Give the listing again in full and exactly, apart from its pictures.

DATA EXCERPT:
# # #

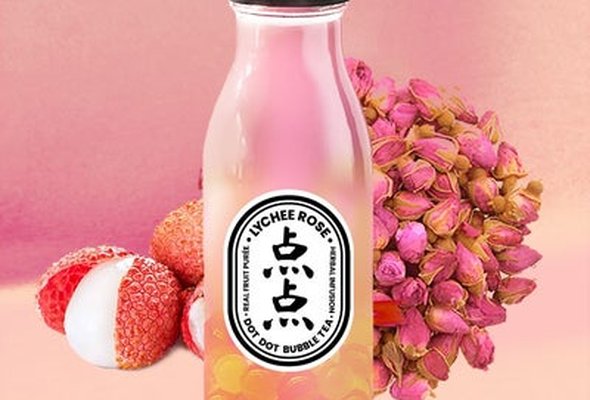 Lychee Rose Bubble Tea 250ml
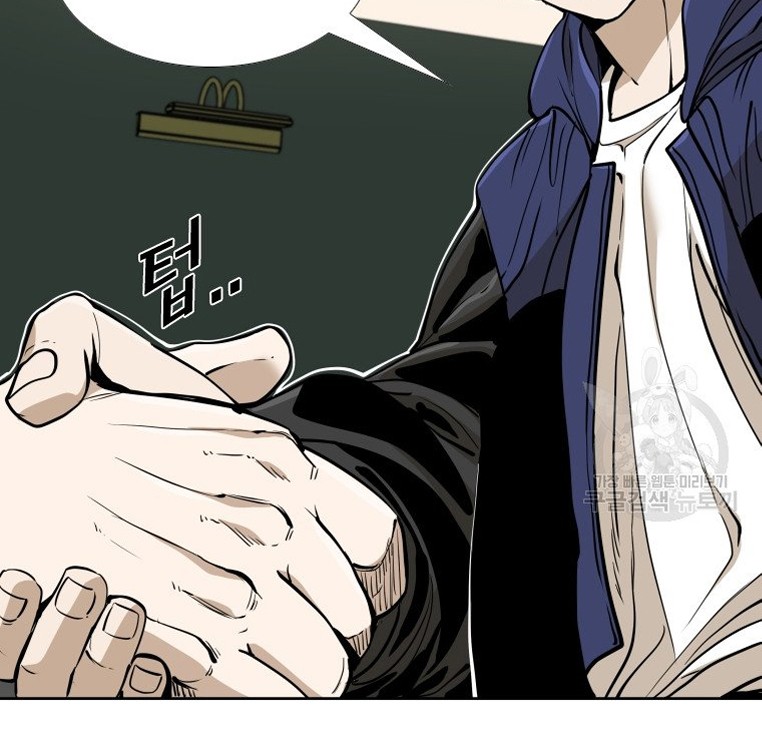 Shark Chapter 257.1 Gambar 16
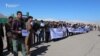 WATCH: Afghans Protest Cross-Border Rocket Fire From Pakistan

# # #

EXERCISE ANSWER:
 Lychee Rose Bubble Tea 250ml
 Shark Chapter 257.1 Gambar 16
 WATCH: Afghans Protest Cross-Border Rocket Fire From Pakistan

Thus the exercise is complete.